Just over a month ago, The Atlanta Fed surprised economic watchers when in early August it unveiled that its Q3 GDP tracker was predicting that the US economy would grow at a blistering annualized pace of 3.6% (and as high as 3.80%) a rather dramatic rebound from the "deplorable" 0.8% and 1.4% growth rates in Q1 and Q2, respectively.
Many expressed surprise at the underlying assumptions that would send US economic growth soaring in the second half: after all, it was a near record surge in consumer spending that boosted first half GDP – and kept it positive – as all other components, most notably Capex, tumbled into a non-consumer recession. Alas, the spending surge that boosted first half growth has now fizzled, as today’s disappointing personal spending data confirmed, so it stood to reason that these overoptimistic estimates for GDP growth would ultimately be revised substantially lower.
Sure enough, moments ago in the latest revision to the Atlanta Fed forecast, the model has just slashed its formerly exuberant GDP growth estimate again, down to a paltry by comparison 2.4%, below last Friday’s 2.9%, and down to the lowest in this particular series’ lifetime.
This is what the Atlanta Fed said:
The GDPNow model forecast for real GDP growth (seasonally adjusted annual rate) in the third quarter of 2016 is 2.4 percent on September 30, down from 2.8 percent on September 28. The forecast of third-quarter real consumer spending growth declined from 3.0 percent to 2.7 percent after this morning’s personal income and outlays report from the U.S. Bureau of Economic Analysis (BEA). Following yesterday’s GDP revision from the BEA and the Advance Economic Indicators release from the U.S. Census Bureau, the forecast of the contribution of inventory investment to third-quarter growth decreased from 0.60 percentage points to 0.26 percentage points and the forecast of the contribution from net exports increased from -0.13 percentage points to 0.13 percentage points.
But what was most notable about the Atlanta Fed’s Q3 GDP estimate is how much higher it was compared to Wall Street’s own forecasts. Well, no more.

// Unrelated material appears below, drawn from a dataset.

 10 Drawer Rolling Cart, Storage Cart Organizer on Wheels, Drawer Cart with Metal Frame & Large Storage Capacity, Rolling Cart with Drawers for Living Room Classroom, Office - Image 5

Finally, one thing to note is that the Atlanta Fed assumes a substantial inventory build in the current quarter, one which would boost GDP by over 0.5%. Since the various ISM, PMI and regional Fed diffusion indices have failed to confirm such an inventory build. Absent this boost, Q3 GDP drops to 1.9%, and is then set to decline even more in Q4 according to the NY Fed. How that will impact the Fed’s December rate hike "strategy", remains to be seen.